_WORK ITEM_. Return each line of the records holding the string "Steel".

Data entries:
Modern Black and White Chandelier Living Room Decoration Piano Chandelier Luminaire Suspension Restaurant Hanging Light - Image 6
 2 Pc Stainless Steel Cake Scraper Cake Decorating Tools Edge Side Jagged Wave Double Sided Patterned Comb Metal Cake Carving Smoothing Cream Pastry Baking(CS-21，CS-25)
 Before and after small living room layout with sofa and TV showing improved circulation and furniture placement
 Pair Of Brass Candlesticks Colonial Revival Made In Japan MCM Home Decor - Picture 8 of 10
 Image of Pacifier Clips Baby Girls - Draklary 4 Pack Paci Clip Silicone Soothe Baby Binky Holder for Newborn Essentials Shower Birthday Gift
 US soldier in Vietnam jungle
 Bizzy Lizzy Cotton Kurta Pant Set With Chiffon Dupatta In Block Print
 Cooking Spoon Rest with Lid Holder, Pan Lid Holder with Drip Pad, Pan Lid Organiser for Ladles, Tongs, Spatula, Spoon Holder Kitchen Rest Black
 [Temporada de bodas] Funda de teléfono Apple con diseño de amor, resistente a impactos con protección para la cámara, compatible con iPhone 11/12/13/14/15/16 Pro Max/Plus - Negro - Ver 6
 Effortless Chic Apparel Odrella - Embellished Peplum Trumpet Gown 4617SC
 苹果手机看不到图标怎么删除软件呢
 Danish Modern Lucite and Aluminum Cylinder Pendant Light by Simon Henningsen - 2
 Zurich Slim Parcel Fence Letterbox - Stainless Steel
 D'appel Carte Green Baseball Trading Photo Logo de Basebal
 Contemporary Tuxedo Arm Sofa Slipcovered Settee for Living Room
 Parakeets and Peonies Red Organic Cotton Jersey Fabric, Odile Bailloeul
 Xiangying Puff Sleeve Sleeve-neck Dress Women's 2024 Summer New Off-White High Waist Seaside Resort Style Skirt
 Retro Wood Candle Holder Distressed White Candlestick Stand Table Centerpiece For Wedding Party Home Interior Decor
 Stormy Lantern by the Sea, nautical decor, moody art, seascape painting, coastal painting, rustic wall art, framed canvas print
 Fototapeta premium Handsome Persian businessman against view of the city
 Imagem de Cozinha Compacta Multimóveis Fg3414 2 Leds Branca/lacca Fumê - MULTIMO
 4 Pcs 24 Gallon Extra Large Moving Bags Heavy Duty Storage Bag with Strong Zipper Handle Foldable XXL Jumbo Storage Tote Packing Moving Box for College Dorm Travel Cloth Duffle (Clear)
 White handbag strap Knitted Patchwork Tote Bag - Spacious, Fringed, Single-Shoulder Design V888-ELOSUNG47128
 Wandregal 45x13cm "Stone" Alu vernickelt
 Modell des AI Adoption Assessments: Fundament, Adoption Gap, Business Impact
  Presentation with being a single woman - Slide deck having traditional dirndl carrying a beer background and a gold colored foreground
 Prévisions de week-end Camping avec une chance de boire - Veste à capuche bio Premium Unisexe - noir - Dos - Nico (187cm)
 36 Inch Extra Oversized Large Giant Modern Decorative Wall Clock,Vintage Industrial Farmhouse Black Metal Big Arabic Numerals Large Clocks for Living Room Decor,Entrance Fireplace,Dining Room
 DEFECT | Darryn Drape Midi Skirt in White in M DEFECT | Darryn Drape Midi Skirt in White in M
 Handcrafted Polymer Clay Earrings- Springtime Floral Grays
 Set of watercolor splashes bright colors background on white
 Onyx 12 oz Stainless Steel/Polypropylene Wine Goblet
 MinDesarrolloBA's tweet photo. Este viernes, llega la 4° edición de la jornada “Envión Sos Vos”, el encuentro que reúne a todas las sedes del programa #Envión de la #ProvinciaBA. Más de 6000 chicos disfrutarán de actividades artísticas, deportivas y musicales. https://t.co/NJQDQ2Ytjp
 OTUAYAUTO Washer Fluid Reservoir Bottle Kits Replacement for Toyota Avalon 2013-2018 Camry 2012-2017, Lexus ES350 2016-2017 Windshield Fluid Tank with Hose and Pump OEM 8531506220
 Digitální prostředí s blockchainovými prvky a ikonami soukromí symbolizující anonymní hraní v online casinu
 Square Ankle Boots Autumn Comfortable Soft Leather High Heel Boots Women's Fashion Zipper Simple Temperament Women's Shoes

_REPLY TO THE TASK_.
 2 Pc Stainless Steel Cake Scraper Cake Decorating Tools Edge Side Jagged Wave Double Sided Patterned Comb Metal Cake Carving Smoothing Cream Pastry Baking(CS-21，CS-25)
 Zurich Slim Parcel Fence Letterbox - Stainless Steel
 Onyx 12 oz Stainless Steel/Polypropylene Wine Goblet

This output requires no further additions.